MATERIALS PROVIDED ▸
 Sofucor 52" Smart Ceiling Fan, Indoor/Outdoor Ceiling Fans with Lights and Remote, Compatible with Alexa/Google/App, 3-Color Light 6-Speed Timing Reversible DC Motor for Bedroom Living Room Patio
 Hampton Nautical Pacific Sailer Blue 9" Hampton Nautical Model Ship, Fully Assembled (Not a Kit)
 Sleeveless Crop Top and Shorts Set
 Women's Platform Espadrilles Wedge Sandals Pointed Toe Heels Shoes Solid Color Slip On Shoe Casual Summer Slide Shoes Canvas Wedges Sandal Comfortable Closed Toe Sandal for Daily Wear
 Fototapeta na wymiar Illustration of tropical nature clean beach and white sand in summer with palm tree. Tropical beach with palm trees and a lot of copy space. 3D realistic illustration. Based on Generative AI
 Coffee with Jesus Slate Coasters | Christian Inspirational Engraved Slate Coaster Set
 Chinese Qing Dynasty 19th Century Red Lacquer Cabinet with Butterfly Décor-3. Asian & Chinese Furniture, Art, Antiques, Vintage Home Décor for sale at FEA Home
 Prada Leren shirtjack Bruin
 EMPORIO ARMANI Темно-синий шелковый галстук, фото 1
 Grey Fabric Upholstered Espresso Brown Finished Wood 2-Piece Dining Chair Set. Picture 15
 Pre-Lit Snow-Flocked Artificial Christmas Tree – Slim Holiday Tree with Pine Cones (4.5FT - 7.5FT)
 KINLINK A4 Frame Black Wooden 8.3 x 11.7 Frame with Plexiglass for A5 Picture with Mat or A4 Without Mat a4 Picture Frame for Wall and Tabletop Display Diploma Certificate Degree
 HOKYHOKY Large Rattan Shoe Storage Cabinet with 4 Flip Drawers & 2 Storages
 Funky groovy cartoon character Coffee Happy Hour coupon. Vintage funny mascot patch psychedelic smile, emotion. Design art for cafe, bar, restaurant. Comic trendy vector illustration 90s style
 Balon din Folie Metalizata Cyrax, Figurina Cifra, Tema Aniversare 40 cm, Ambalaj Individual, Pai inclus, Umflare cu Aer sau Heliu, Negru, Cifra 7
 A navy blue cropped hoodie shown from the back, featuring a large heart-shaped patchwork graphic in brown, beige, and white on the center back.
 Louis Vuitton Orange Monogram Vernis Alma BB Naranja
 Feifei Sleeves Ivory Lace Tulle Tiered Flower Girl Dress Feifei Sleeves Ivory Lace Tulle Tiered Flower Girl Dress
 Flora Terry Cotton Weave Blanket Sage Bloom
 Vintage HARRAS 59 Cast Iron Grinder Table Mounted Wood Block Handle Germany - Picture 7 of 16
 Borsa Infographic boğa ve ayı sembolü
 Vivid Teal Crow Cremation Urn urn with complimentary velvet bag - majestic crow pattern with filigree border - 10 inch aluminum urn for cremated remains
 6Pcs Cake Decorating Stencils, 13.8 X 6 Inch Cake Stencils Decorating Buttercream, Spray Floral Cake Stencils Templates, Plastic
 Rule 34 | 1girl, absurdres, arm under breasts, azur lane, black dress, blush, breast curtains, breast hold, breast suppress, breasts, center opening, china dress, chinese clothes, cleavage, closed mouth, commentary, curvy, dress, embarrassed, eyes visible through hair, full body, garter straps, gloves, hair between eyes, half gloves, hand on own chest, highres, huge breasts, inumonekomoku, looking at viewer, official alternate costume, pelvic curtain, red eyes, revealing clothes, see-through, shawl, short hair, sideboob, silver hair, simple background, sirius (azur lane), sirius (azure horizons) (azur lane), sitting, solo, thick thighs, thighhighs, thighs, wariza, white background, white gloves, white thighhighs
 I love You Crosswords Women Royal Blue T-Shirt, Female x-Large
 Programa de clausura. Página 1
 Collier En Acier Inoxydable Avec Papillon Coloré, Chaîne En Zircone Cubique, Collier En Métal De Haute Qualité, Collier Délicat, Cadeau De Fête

DIRECTIONS FOR THIS TASK ▸
Send back an exact copy of only the lines from the line with "Flora Terry Cotton Weave Blanket Sage Bloom" up to and including the line with "6Pcs Cake Decorating" in the data above.

WRITTEN SOLUTION ▸
 Flora Terry Cotton Weave Blanket Sage Bloom
 Vintage HARRAS 59 Cast Iron Grinder Table Mounted Wood Block Handle Germany - Picture 7 of 16
 Borsa Infographic boğa ve ayı sembolü
 Vivid Teal Crow Cremation Urn urn with complimentary velvet bag - majestic crow pattern with filigree border - 10 inch aluminum urn for cremated remains
 6Pcs Cake Decorating Stencils, 13.8 X 6 Inch Cake Stencils Decorating Buttercream, Spray Floral Cake Stencils Templates, Plastic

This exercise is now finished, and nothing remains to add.